Чичико поднялся, натянул остывшую одежду и вышел из комнаты на балкон. Расшатанные половицы заскрипели под ногами, он остановился, опустил руки на перила и долго стоял так, уставясь в безмолвное ночное пространство. Где-то сверкнула молния, на мгновение осветив деревья. Моросило. Влажный воздух был тяжел. И вдруг Чичико вспомнил Жужуну, которую ожидал, затаив дыхание, вот на этом самом балконе три года назад. В ту ночь каждый шорох, принесенный легким ветерком из сада, заставлял напряженно застывать и казался шагами девушки, и так продолжалось до тех пор, пока он не вышел из себя, не потерял голову, не спрыгнул вниз и не побежал к закрытому окну, выходящему в сад. А теперь было только одно — слабо потрескивал дождь, словно кто-то лущил кукурузный початок. Что-то волшебное было в шелесте капель, падающих на молодую листву, дранку и шифер, нахлынувшие воспоминания таяли бесцветным ночным туманом, будто бы испытание, подкрадывающееся к семье, лишало прошлое всякого значения. Он приоткрыл дверь другой комнаты — здесь Мамия отсыпался после пьянки, вошел, отыскал по храпу в темной холодной комнате с застарелым запахом айвы и табака тахту, на которой скрючился Мамия, накрытый с головой одеялом, постоял над ним и пошел дальше. Потянул на себя тонкую, оклеенную обоями скрипучую дверь, — сразу обдало керосиновым чадом, — переступил порог и увидел освещенную коптилкой кровать, задвинутую в угол, и откинувшегося на подушки Бахву, бесчувственного и неподвижного. Тот уже не метался, обессилевший от боли и отчаяния, и впал в забытье. Чичико опешил. «Сегодня ночью умрет», — промелькнуло у него в голове, и он удивился, что вот так, сразу подошло время кончины человека.

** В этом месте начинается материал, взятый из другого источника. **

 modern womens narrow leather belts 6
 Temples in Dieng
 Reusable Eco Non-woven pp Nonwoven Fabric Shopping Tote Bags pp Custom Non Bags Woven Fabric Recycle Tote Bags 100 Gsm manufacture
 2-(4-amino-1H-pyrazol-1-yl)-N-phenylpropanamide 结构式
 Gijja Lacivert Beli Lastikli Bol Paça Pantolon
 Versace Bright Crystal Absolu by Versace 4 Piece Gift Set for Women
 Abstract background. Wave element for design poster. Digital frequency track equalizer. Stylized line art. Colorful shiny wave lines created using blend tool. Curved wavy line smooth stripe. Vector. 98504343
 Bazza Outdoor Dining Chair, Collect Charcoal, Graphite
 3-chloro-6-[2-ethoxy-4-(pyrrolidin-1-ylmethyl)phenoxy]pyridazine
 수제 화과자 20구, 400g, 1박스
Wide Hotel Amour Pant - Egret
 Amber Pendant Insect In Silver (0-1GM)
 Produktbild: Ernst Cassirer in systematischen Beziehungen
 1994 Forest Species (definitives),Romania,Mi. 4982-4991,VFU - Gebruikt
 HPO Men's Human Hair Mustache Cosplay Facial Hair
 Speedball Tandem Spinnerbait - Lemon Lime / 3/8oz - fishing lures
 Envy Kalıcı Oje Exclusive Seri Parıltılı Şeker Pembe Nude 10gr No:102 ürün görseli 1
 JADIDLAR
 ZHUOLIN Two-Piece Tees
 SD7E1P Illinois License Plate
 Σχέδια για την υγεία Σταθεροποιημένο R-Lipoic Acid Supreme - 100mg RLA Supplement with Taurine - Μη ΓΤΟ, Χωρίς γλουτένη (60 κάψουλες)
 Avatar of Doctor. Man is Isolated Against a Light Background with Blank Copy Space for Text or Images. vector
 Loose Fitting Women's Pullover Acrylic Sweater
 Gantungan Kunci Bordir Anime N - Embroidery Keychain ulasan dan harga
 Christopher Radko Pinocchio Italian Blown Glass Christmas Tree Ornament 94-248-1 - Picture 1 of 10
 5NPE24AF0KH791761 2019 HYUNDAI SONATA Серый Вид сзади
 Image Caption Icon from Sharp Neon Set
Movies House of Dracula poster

— Встал, Чичико? — ласково спросила Тебронэ.
Она сидела у изголовья больного. Бахва дремал. Острый кадык поднимался и опадал с дыханием. Услышав голоса, Бахва раскрыл запавшие глаза и стал жадно вглядываться в стоящего у кровати Чичико.
— Кто ты? Не узнаю, — прохрипел он.
— Это я, дядя, Чичико.
— Эх, за врача тебя принял! — И он снова смежил веки, тяжело и хрипло задышал. «Кхм, кхм», — все откашливался он, силясь отдышаться. Потом снова открыл глаза и бессмысленно уставился в стену.
— Надо было врача привезти, — шепнул Чичико Тебронэ и сел на скамеечку у ног больного. Жаль Бахву! Он жалел его, но смердящая постель и гниющее тело старика вызывали в нем отвращение.
— К чему? Сам видишь — все уже кончено.
— Может, отойдет?
— Куда там! Ему теперь ничто не поможет.
Тебронэ встала, поправила подушку. Забота ее была излишней, Бахва и так лежал удобно. Но Тебронэ приподняла его, усадила, а затем уложила по-новому. На Бахву напал сильный кашель, но он отдышался все же.